Mas, no caso do garoto Juquinha. A quem lancei essa pergunta na manhã de hoje. Ao encontrá-lo fumando um cachimbinho de crack numa esquina de má fama.
“Menino. Você não deveria estar na escola nesta hora ainda cedo? 0u na sua casa em companhia de seus pais e irmãos? E você agora, nesta exata hora de dez pra meio dia, aqui está tentando fazer mais mal a sua pessoa com esta droga que vai levá-lo ao fim em poucos anos ou meses. Volta pra casa criança. Lá é o melhor lugar para ser feliz”.
Foi exatamente esta a resposta do menino sofrido, de nome por mim idealizado- Juquinha.

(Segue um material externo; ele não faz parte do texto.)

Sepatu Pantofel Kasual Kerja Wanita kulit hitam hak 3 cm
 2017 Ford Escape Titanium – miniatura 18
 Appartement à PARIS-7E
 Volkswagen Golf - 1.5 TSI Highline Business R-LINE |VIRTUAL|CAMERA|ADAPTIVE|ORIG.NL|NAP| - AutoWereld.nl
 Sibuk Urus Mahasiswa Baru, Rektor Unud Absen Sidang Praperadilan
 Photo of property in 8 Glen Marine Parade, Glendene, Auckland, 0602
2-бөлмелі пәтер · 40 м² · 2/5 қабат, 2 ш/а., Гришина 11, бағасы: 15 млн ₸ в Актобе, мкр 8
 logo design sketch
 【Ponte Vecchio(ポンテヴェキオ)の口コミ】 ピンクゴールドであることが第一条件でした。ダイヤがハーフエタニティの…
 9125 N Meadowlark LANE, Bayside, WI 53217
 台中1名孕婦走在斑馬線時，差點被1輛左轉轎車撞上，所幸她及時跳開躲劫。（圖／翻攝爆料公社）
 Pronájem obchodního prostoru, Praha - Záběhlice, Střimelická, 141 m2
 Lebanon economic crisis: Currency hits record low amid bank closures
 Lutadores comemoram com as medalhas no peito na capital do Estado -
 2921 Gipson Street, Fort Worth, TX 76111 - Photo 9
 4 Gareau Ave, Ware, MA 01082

“Quer mesmo saber o que penso? Não será preciso pensar muito. O nosso lar. A casa onde moramos. Mesmo que seja num barraco dependurado num morro alto. Sujeitos a toda as sortes de calamidades por causa de uma tempestade que acabe soterrando nossa tosca morada e com ela sermos mais um corpo a ser velado num velório e enterrado numa cova rasa sem lenço ou documentos. Como indigentes e nossos restos mortais tenham um destino nobre a serem dissecados em mesas frias de mármore em aulas de anatomia no curso de medicina. Se quer mesmo saber qual o lugar melhor pra se morar eu digo. Deveria sim ser nossa casa. Onde encontraríamos a paz ao lado de nossos pais ou irmãos. Mas, no meu caso, e de muitos meninos e meninas que em casa não encontram o que anseiam. Ao revés, como eu só encontram ingratidão e palmadas desmerecidas. Eu acabei por morar na rua. Deveria sim. Em lares de verdade encontramos tudo aquilo que almejamos. Mas, para não me alongar tanto digo não a casas desestruturadas. Verdadeiros lares devem ser abençoados. Ali deveria reinar a paz e concórdia. No meu caso encontrei, nada mais, nada menos, que turbulências que fizeram do meu aviãozinho esta nave sem rumo. Sem prumo e sem destino. Vagabundeando pelas ruas da amargura. Como me encontro agora. Em conversa com o senhor. Que não sei quem é”.
É. Deveria sim. O lar, a casa onde moramos, o lugar melhor para retornar depois de um dia cheio de conquistas ou desilusões. Mas, no entanto, dos entre tantos, por vezes não é.